Jan Grossmann hebt zudem die Schlagkraft von Mentoring hervor, „damit Frauen und andere bisher benachteiligte Gruppen mutiger ihren Weg gehen können“. „Frauen müssen sich nicht nur mehr trauen, sondern Männer müssen auch offener werden“, ergänzt Claudia Brözel. Während sie sich „ganz klar“ eine Quote wünscht, hält Gitta Brückmann, Vice President Corporate Social Responsibility EMEA sowie Government Affairs Europe bei Marriott International, das für den falschen Weg.
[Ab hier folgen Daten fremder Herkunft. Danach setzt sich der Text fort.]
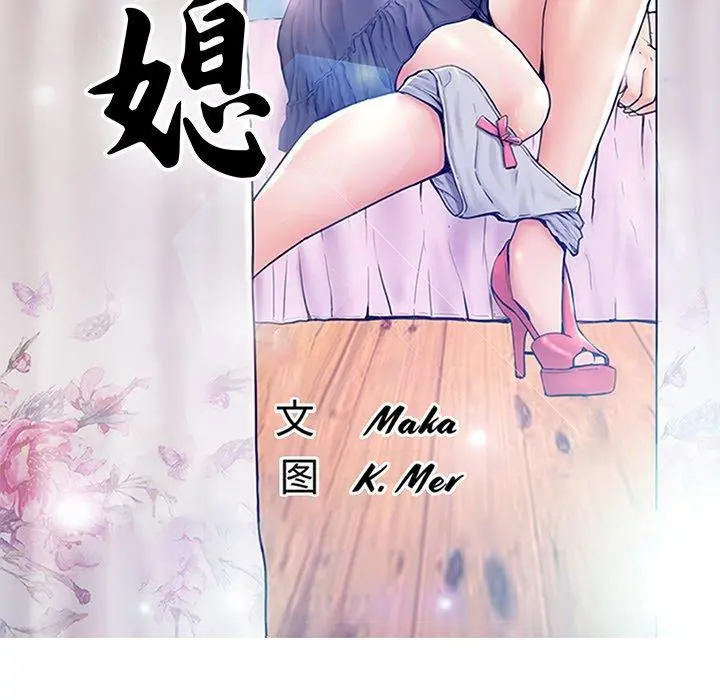 俏儿媳 第36话 第12页
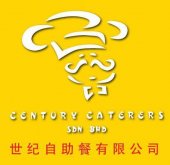 Century Caterers 世纪自助餐 business logo picture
Sie ist seit 38 Jahren bei der Hotelkette tätig und konnte mit Kompetenz und Einsatzwillen punkten – und aufsteigen. Männliche Mentoren unterstützten sie stets. Klar ist aber auch für sie, dass sie Frauen besonders ermuntern und unterstützen möchte, sollten diese eher introvertiert oder zu schüchtern sein, um Karriereschritte zu fordern. „Alle Menschen müssen fühlen, dass es Möglichkeiten für sie gibt.“ Solches Vertrauen in die Unternehmenskultur entstehe über Fairness.
Ihre Tipps zum Weltfrauentag? „Man muss eine Leidenschaft für den Beruf haben, neugierig sein und sich stetig weiterbilden wollen.“ Aber am meisten hat ihr das geholfen: „Meine Mentoren haben immer gesagt, Du kannst das.“ Sie selbst bietet Frauen nun Entwicklungsgespräche und Programme an, über die sie sich weiterentwickeln können – ganz bewusst ermöglicht dies Marriott erstmals Frauen unter Frauen, um ihr Selbstbewusstsein im geschützten Raum zu stärken.
Island geht mit gutem Beispiel voran
In Sachen Female Leadership nimmt Island eine Sonderstellung ein. Dort stehen nicht nur im Tourismus Frauen an der Spitze, sondern in vielen Schlüsselpositionen von Politik und Wirtschaft. Eliza Reid, Autorin und First Lady, möchte Frauen ausdrücklich dazu ermutigen, sich gegenseitig zu unterstützen. Auch in Stellenausschreibungen könnten Unternehmen die Formulierungen weiblicher gestalten. Beispielsweise, indem sie von wünschenswerten Kenntnissen sprechen. Außerdem sollte sich jede Frau als Role Model verstehen, um etwas zu bewegen. Die Geschichte und die Erfahrung jeder Frau sei Storytelling wert, sagte sie vor mehr als 150 Frauen und Männern auf der Future-Work-Bühne der weltweit größten Tourismusmesse in Berlin.